A Possible Next Step

Scaling intelligence

Better = less unnecessary thinking

Stronger priors. Sharper pruning. Tighter abstractions. The model reaches the same answer with far less work because most of the search space was eliminated before reasoning began.

Both columns improve quality. Only one of them looks like expertise.

The risk in optimising only the first column is that we end up with models that are better at affording computation, not better at avoiding it. They can climb higher because they can buy more steps. That is real progress. But it is not the same kind of progress as a chess grandmaster who simply does not see the bad moves.

What the Next Breakthrough Might Look Like

Perhaps Generative AI will eventually follow the same path the optimisation community followed. The next major breakthrough may not be a model that reasons for one hundred thousand tokens. It may be a model that arrives at the same answer using one thousand. Not because it knows less, but because it understands more.

The shape of that breakthrough is hard to predict, but the direction is recognisable. Better priors, so the model starts in the right neighbourhood. Stronger internal abstractions, so it can collapse many surface variations into a single concept. The ability to recognise, early, that a line of reasoning is going nowhere and stop. The willingness to commit to an answer when the evidence is already sufficient, instead of continuing to think for the sake of appearing thorough.

The benchmark worth watching

Most evaluations today measure capability per task. A more revealing axis would measure capability per token, or per second of inference, on tasks of matched difficulty. The model that wins on accuracy while using a fraction of the compute is the one quietly demonstrating expertise rather than effort.

The Quiet Inversion

The ultimate benchmark of intelligence has rarely been the ability to perform more computation. It has been the ability to avoid unnecessary computation altogether.

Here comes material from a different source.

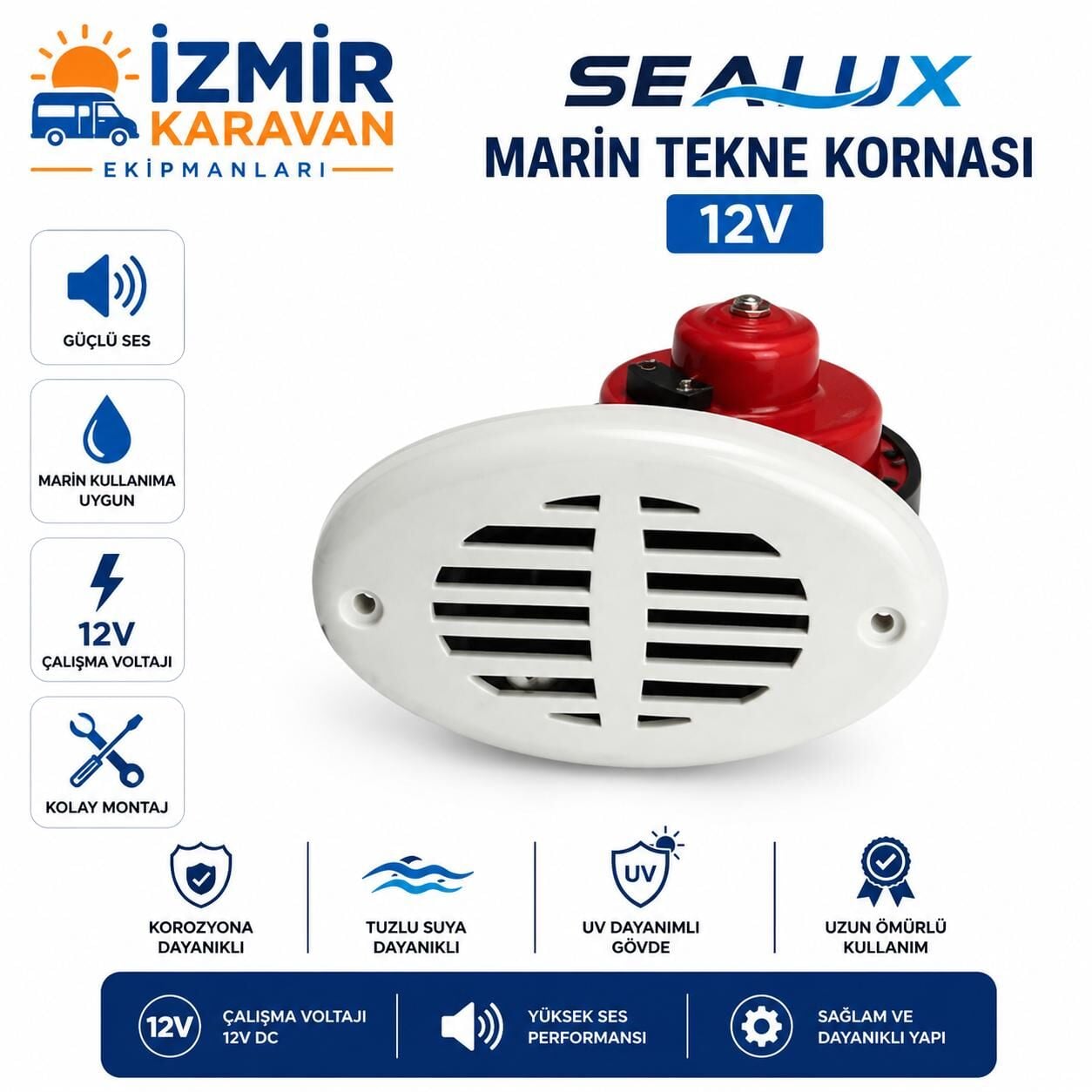 SEALUX MARİNE TEKNE KORNA GÖMME -BEYAZ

Today, model capability is largely measured by how much thinking a model can afford. Tomorrow, it may be measured by how much thinking it can avoid. That is a subtle inversion, but a real one. And it might be the moment when the field stops scaling computation and starts scaling intelligence.

✦

Expertise has always been a quiet thing. It rarely looks impressive in the moment. The grandmaster just plays the move. The doctor just names the diagnosis. The engineer just sees the bug.

None of them show the search that did not happen. That is the part that matters.